The CGA has some circuitry for attempting to marshall the CPU’s access to video memory, but perhaps due to limitations in board space, this circuitry was only implemented for the card’s low-resolution modes where the lclock is used. In high-resolution text mode, attempts to access video memory by the CPU while the CGA is rasterizing the active display area will result in what is called snow - random glitches where the CGA reads the wrong data while attempting to read character glyphs or attribute bytes. IBM worked around this in BIOS routines that scrolled the screen - such as when you execute the DIR command in DOS by rapidly disabling and re-enabling the display, causing noticable flicker.
Operational Modes
The CGA has two main modes of operation, text mode and graphics mode.
Text Mode
In text mode, video memory is organized conceptually as a grid of character cells, the dimensions of which are directly configured on the CRTC. Typically, this will be a rectangular grid of 80x25 characters. Each logical cell is comprised of a pair of bytes in video memory, the first byte being a character code and the second byte being a character attribute. The character code indicates what character glyph to display. For a list of all character codes and their corresponding glyphs, see the ASCII table appendix.
The character code, combined with the vertical line counter of the CRTC, is used to resolve a byte contained in the CGA’s font ROM representing 8 pixels (or span) of a character glyph. The character attribute byte then describes the colors to use for the foreground and background as the glyph span is drawn.

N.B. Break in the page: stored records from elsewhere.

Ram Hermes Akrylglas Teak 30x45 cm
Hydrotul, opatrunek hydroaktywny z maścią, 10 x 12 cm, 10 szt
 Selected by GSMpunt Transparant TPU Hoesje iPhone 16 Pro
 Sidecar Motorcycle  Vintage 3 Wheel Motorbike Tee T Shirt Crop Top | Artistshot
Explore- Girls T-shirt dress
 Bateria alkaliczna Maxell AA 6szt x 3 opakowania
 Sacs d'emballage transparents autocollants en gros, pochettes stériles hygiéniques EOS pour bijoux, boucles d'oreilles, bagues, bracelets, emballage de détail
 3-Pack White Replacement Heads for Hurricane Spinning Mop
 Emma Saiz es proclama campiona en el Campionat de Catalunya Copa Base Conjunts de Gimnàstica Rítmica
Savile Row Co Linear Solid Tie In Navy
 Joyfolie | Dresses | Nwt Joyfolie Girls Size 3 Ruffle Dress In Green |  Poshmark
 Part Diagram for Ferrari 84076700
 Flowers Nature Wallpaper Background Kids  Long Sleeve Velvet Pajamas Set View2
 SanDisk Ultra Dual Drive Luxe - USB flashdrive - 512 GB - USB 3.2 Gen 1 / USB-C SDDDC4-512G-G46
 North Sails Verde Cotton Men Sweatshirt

Since each character cell requires two bytes, it takes 4KB of memory to display an 80x25 text mode screen. This means up to four text-mode screens can fit in the CGA’s 16KB of memory, and a program can switch between each screen by adjusting the CRTC’s start address registers. Multiple screens present in video memory are often called video pages, and switching between them may be referred to as page-switching or page-flipping when used for fast animation. Alternatively, a single large screen of up to 80x100 could be stored in memory and the visible 80x25 region panned down through it by adjusting the start address registers one row at a time.